Revenue in the fourth quarter fell 4% from a year earlier, marking a third straight quarter of declining sales. The company’s cost and expenses ballooned 22% year-over-year to $25.8 billion.

Anwar Almojarkesh (L) and Alan Chalabi (R) from England take a photo at Meta (formerly Facebook) corporate headquarters in Menlo Park, California on November 9, 2022.

Josh Edelson | AFP | Getty Images

Meta said it expects revenue in the first quarter of between $26 billion and $28.5 billion.  Analysts were expecting sales of $27.1 billion, according to Refinitv. Sales in the first quarter of 2021 came in at $27.9 billion. Should Meta reach the high end of its guidance range, the company could end its streak of year-over-year declines.

“Our community continues to grow and I’m pleased with the strong engagement across our apps,” Meta CEO Mark Zuckerberg said in a statement. “Our management theme for 2023 is the ‘Year of Efficiency’ and we’re focused on becoming a stronger and more nimble organization.”

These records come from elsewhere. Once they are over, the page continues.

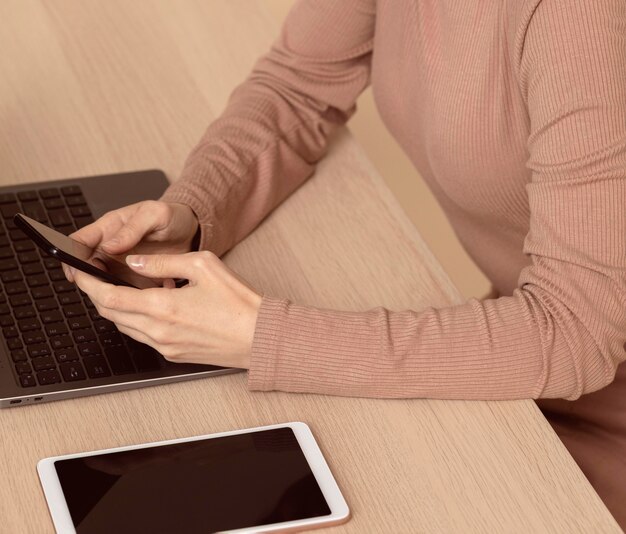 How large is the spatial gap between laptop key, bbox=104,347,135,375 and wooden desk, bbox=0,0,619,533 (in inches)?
1.1

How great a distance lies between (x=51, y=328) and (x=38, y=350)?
34mm

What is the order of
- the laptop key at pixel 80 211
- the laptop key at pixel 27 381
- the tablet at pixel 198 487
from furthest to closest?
the laptop key at pixel 80 211 < the laptop key at pixel 27 381 < the tablet at pixel 198 487

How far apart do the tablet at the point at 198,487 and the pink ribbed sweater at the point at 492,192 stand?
91 millimetres

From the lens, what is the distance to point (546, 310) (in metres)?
0.95

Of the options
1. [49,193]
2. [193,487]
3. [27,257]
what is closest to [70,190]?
[49,193]

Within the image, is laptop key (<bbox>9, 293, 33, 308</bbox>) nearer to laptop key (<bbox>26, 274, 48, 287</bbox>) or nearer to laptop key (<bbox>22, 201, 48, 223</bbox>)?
laptop key (<bbox>26, 274, 48, 287</bbox>)

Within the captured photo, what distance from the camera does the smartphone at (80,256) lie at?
859 millimetres

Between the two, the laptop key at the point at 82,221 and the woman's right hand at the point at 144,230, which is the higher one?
the woman's right hand at the point at 144,230

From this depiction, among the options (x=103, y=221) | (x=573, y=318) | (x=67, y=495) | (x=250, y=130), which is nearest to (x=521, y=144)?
(x=573, y=318)

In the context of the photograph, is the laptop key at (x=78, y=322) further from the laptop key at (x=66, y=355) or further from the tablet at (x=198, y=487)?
the tablet at (x=198, y=487)

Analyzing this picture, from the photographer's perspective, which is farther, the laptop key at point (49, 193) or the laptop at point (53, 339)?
the laptop key at point (49, 193)

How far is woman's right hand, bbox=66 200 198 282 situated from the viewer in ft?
3.21

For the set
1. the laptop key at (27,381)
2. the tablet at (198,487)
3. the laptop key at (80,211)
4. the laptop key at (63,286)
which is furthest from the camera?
the laptop key at (80,211)

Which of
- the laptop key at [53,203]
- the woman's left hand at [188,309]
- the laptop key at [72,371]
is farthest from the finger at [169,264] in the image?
the laptop key at [53,203] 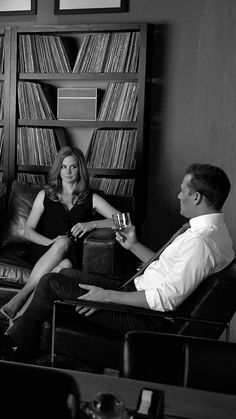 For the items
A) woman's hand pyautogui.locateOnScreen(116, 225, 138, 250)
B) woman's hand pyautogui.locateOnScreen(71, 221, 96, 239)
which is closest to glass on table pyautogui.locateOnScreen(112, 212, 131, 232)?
woman's hand pyautogui.locateOnScreen(116, 225, 138, 250)

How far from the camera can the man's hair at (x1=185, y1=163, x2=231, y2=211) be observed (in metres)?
2.52

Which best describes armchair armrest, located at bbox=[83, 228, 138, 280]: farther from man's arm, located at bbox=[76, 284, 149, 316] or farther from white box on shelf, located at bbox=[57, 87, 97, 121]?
white box on shelf, located at bbox=[57, 87, 97, 121]

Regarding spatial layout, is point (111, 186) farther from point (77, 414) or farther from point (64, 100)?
point (77, 414)

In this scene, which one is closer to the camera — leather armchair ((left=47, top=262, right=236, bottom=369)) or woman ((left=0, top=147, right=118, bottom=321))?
leather armchair ((left=47, top=262, right=236, bottom=369))

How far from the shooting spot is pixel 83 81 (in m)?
4.50

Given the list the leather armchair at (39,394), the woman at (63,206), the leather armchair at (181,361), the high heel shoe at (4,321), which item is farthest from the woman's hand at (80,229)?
the leather armchair at (39,394)

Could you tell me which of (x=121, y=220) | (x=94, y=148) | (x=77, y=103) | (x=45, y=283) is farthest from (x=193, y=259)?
(x=77, y=103)

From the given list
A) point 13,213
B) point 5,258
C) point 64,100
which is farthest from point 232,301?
point 64,100

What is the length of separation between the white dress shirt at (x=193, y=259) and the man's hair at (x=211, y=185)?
68 millimetres

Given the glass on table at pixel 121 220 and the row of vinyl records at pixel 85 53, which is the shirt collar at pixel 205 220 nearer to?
the glass on table at pixel 121 220

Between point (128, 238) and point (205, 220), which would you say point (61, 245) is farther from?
point (205, 220)

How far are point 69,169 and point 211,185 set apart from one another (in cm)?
158

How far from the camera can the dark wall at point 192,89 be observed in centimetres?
422

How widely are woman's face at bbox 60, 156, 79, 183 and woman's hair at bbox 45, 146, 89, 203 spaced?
0.02m
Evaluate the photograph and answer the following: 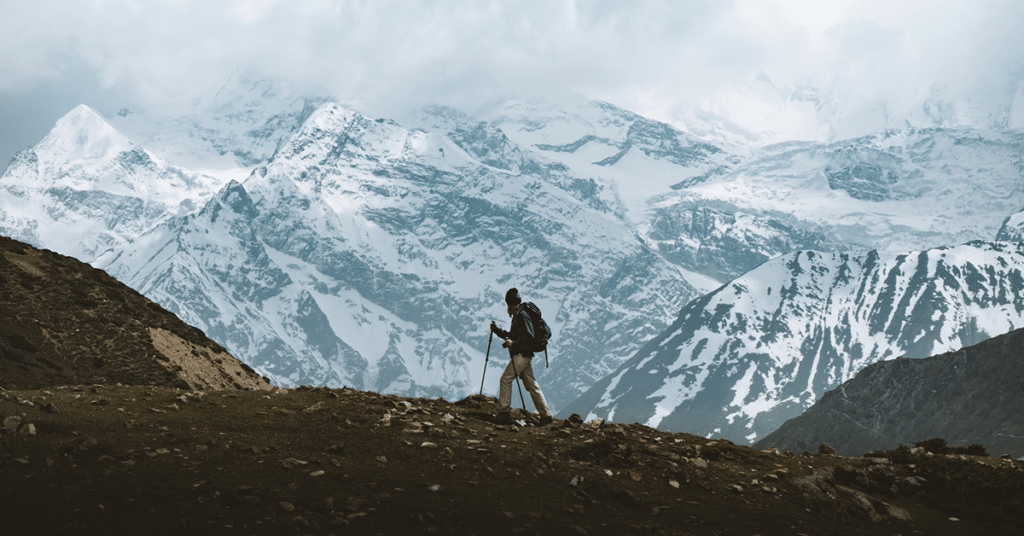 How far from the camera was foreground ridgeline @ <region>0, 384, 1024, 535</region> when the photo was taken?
49.7 feet

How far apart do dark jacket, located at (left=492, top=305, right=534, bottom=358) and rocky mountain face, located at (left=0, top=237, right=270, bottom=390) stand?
A: 500 inches

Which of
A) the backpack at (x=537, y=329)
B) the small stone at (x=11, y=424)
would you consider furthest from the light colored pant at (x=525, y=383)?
the small stone at (x=11, y=424)

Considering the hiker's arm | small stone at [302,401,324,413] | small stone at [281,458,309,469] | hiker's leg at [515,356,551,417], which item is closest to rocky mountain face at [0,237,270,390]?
small stone at [302,401,324,413]

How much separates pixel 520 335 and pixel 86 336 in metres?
15.6

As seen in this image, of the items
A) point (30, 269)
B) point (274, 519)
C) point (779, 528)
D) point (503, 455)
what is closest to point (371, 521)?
point (274, 519)

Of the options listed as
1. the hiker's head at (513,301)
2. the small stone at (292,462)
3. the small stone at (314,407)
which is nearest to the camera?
the small stone at (292,462)

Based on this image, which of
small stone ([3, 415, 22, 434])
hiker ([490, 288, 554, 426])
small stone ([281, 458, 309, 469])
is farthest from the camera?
hiker ([490, 288, 554, 426])

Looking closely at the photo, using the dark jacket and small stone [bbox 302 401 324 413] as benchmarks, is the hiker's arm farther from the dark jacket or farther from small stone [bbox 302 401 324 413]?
small stone [bbox 302 401 324 413]

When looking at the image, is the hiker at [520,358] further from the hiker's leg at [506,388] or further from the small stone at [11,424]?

Meta said that its headcount increased 20% year-over-year to 86,482 as of December 31, 2022. That number includes a large chunk of the over 11,000 workers that Meta said it would lay off last November.

The company expects that its total expenses in 2023 will be in the range of $89 billion to $95 billion, which is lower than its prior outlook of $94 billion to $100 billion for the year. Meta attributed the adjustment to “slower anticipated growth in payroll expenses and cost of revenue.”

Meta also said that it’s lowering its capital expenditure estimates for the year to be in the range of $30 billion to $33 billion, down from $34 billion to $37 billion. That’s partly due to the company spending less money on data center construction. Instead, Meta said it’s shifting to a different kind of data center architecture intended to be more cost efficient while acting as the backbone of its various artificial intelligence projects.

Meta said on Wednesday that it authorized a $40 billion increase to its stock repurchase plan. The company bought back $27.9 billion worth of its shares last year.

Earlier this week, Snap reported fourth quarter earnings that missed on sales, sending its shares tumbling. While much smaller than Meta, Snap faces some of the same challenges, including a slowdown in online advertising spend, increased competition from TikTok and a weakened targeting advertising system due to Apple’s 2021 iOS privacy update.

Alphabet and Amazon will wrap up earnings reports from the major online ad platforms on Thursday, followed by Pinterest next week.

Meta shares plummeted by over 60% last year, as Zuckerberg struggled to sell Wall Street on his plan to pivot the company towards the yet-to-be-developed world of the metaverse. Zuckerberg has said the metaverse, which would include virtual reality and augmented reality technologies, could represent the next major way people interact.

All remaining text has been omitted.